* **Supplied material**:
────────

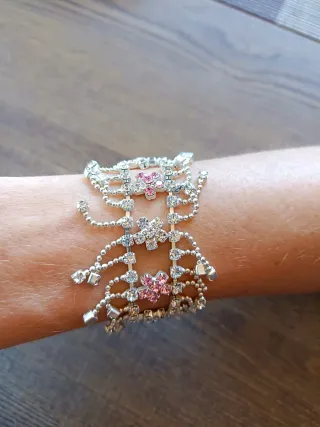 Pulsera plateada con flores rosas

────────

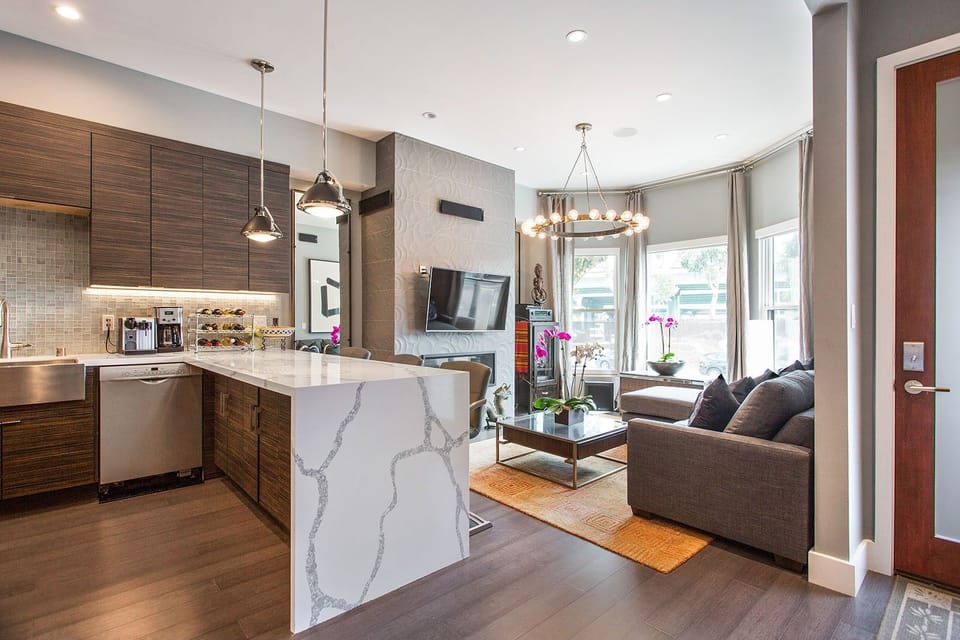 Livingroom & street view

────────

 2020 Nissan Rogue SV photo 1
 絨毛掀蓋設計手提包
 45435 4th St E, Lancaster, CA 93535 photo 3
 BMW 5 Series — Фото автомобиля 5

────────

* **What the exercise asks**:
What lines in the listing contain "photo"? Copy them all.

* **Reply to the exercise**:
 2020 Nissan Rogue SV photo 1
 45435 4th St E, Lancaster, CA 93535 photo 3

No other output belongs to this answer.